Saved entries
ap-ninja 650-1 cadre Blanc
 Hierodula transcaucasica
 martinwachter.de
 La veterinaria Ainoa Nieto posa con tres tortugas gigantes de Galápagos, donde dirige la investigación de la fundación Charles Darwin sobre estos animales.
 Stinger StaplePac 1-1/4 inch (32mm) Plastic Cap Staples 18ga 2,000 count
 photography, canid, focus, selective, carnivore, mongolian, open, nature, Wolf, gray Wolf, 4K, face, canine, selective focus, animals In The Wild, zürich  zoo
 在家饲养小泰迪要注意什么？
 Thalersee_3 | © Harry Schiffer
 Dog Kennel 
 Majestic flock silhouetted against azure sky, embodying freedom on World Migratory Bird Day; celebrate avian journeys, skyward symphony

* **What the task requires**
Each line, beginning at the one that contains "La veterinaria Ainoa" and continuing through the end of the records, must be written out exactly, first and last included.

* **Solution to this problem**
 La veterinaria Ainoa Nieto posa con tres tortugas gigantes de Galápagos, donde dirige la investigación de la fundación Charles Darwin sobre estos animales.
 Stinger StaplePac 1-1/4 inch (32mm) Plastic Cap Staples 18ga 2,000 count
 photography, canid, focus, selective, carnivore, mongolian, open, nature, Wolf, gray Wolf, 4K, face, canine, selective focus, animals In The Wild, zürich  zoo
 在家饲养小泰迪要注意什么？
 Thalersee_3 | © Harry Schiffer
 Dog Kennel 
 Majestic flock silhouetted against azure sky, embodying freedom on World Migratory Bird Day; celebrate avian journeys, skyward symphony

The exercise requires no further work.